▶

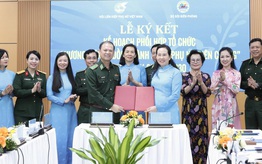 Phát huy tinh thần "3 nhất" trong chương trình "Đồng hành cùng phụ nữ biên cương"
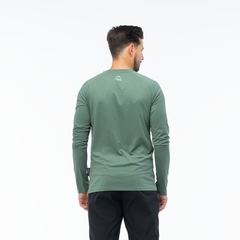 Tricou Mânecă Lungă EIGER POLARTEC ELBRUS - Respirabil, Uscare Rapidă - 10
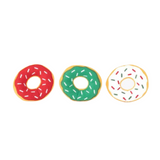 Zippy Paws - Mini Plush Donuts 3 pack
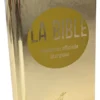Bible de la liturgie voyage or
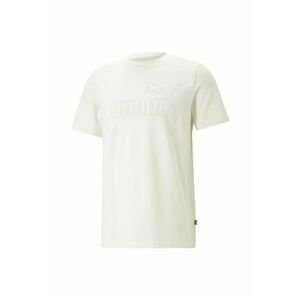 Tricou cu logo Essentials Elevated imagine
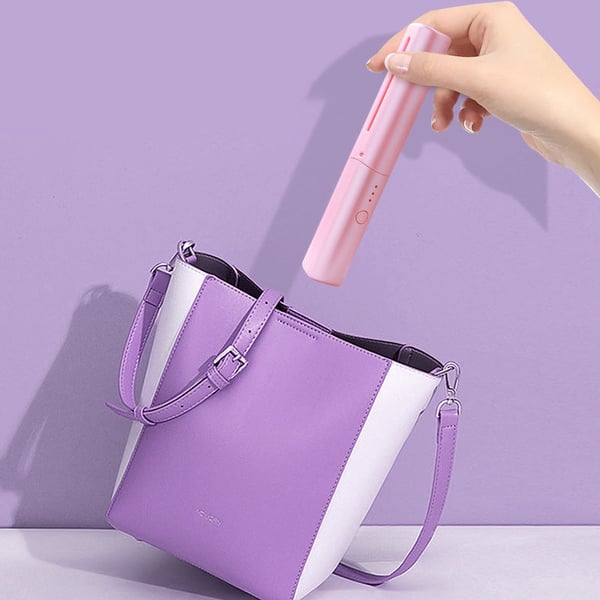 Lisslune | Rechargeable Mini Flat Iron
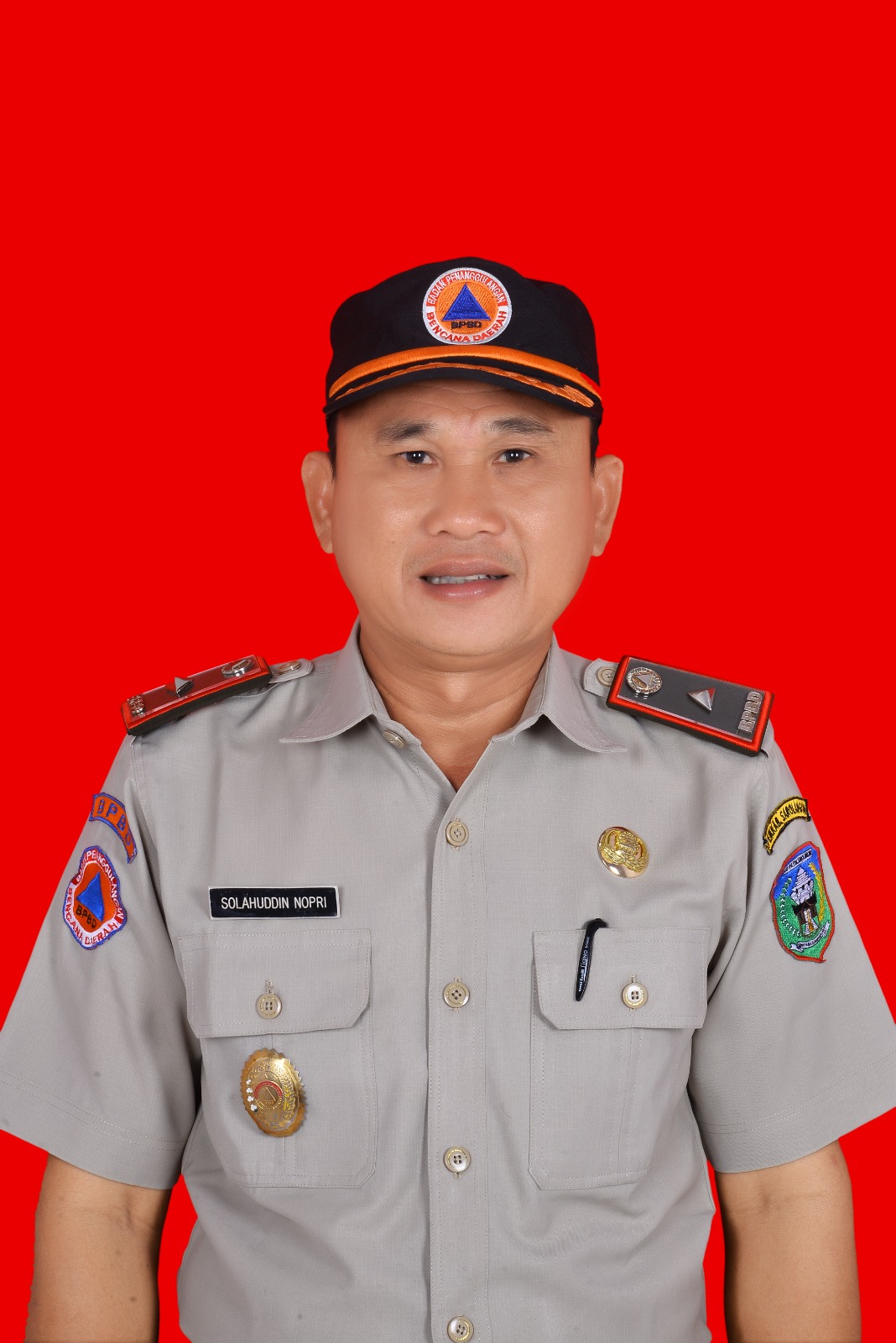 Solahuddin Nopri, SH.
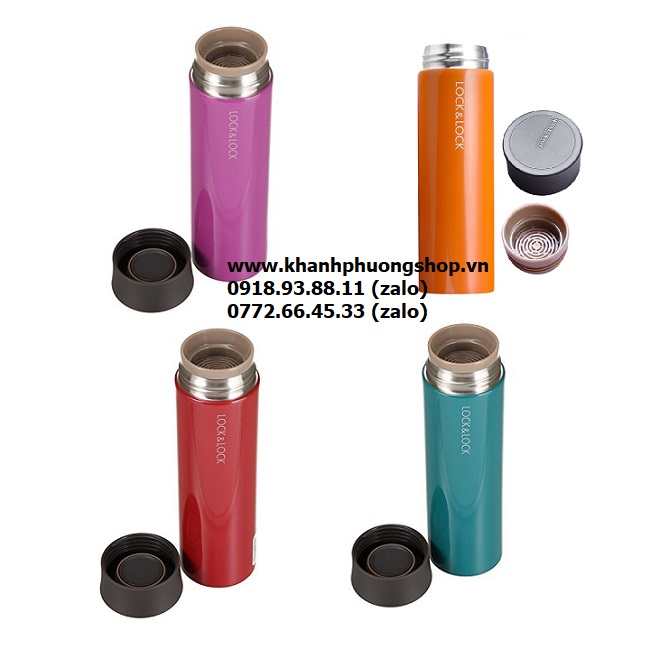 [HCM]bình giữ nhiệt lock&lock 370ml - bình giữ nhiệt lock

◀

ABOUT THIS EXERCISE:
Without including any pictures, set down word for word every line from the one containing "Tricou cu logo Essentials Elevated imagine" through the last line of the material.

SOLUTION BELOW:
 Tricou cu logo Essentials Elevated imagine
 Lisslune | Rechargeable Mini Flat Iron
 Solahuddin Nopri, SH.
 [HCM]bình giữ nhiệt lock&lock 370ml - bình giữ nhiệt lock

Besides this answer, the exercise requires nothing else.